80s Oldies Music

USA for Africa

USA for AfricaIntroduction

USA for Africa was the all-star one hit wonders famous for their charity single “We Are the World” during the mid-80s music era. Inspired by the similar charity music project Band Aid in the UK, the USA for Africa was formed with the intention of relieving famine in Africa. “We Are the World” became one of the fastest-selling singles in US music history and now an oldies music classic. More on USA for Africa here in this article.

 

Origins and formation

The idea of USA for Africa came from a project on the other side of the Atlantic — the British charity group Band Aid, which consisted of the biggest names in British music formed by Boomtown Rats’ Bob Geldof and producer Midge Ure. Band Aid’s 1984 single “Do They Know It’s Christmas?” became a worldwide success (it also went to the US Top 20) and that helped raise 8 million British pounds. Proceeds of the single went to the hunger reliefs in Ethiopia. Included of this all-star group were Bono, Boy George, Sting, Paul Weller and Jody Watley.

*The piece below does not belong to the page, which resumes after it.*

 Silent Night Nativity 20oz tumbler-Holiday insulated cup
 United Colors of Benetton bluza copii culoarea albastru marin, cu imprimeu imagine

The Band Aid and the success of its song inspired the creation of USA for Africa, which also had the same good intentions — to help bring end famine in Africa, especially in Ethiopia.

It was singer Harry Belafonte who started it all. Having heard about Band Aid, he hatched up the idea of creating the Stateside version of Band Aid, which was to be called USA for Africa. “USA” means “United Support of Artists.”

Belafonte got in touch with showbiz manager and fundraiser Ken Kragen. In turn, Kragen contacted his clients Kenny Rogers and Lionel Richie and told him about the project, to which the two readily agreed. Richie also contacted Michael Jackson, who was at that time enjoying the record-breaking success of his album Thriller. Stevie Wonder also agreed to do the project, as did renowned producer Quincy Jones, who was asked to co-produce the song they were working on.

That song, entitled “We Are the World,” was written by Jackson and Richie in two hours.

 

Recording session, and release of “We Are the World.”

The original “USA for Africa” cast included the biggest names in US music at that time. Apart from Jackson, Belafonte, Rogers, Jones, Wonder and Richie, the group also included other big artists like Paul Simon, Billy Joel, Tina Turner, Diana Ross, Willie Nelson, Cyndi Lauper, Al Jarreau, Ray Charles, Bob Dylan, Bette Midler, Bruce Springsteen, and many others. Even Band Aid’s creator Bob Geldof joined (he is also known as an activist).

The 45-member supergroup gathered at the A&M Recording Studios on January 28, 1985 to record “We Are the World.”

Success of “We Are the World”

“We Are the World” was released as a single on Columbia Records on March 23, 1985. The single opened at #21 on the Billboard Hot 100. It climbed fast on the chart, until it went to #1 on April 13, staying there for two weeks.

The single eventually netted 7.5 million copies in the US alone, earning $50 million for famine relief in Ethiopia.

The song also won three Grammy Awards including “Song of the Year” and “Record of the Year. Its music video featuring the biggest and brightest American artists singing together as one, also became iconic.

The single’s accompanying album also featured nine other new music from other donating artists such as Prince, Chicago, Tina Turner and Bruce Springsteen and the E Street Band. It went to #1 on the Billboard 200 in 1985.

The format of both Band Aid and USA for Africa was to be duplicated several years later. Recordings and as well as benefit concerts like Live Aid (also established by Geldof) and Farm Aid which featured the big names in music very much followed the intentions of Band Aid and USA for Africa.

 

“We Are the World for Haiti”

A remake of “We Are the World,” entitled “We Are the World for Haiti” was released in 2010. It was executively produced by Quincy Jones and was recorded by the supergroup Artists for Haiti. The song was released to raise money for the relief efforts in Haiti, which was struck by a severe magnitude-7.0 earthquake that killed more than 160,000 people and displaced more than a million victims. Despite the remake being panned critically, it nevertheless became a world-wide hit.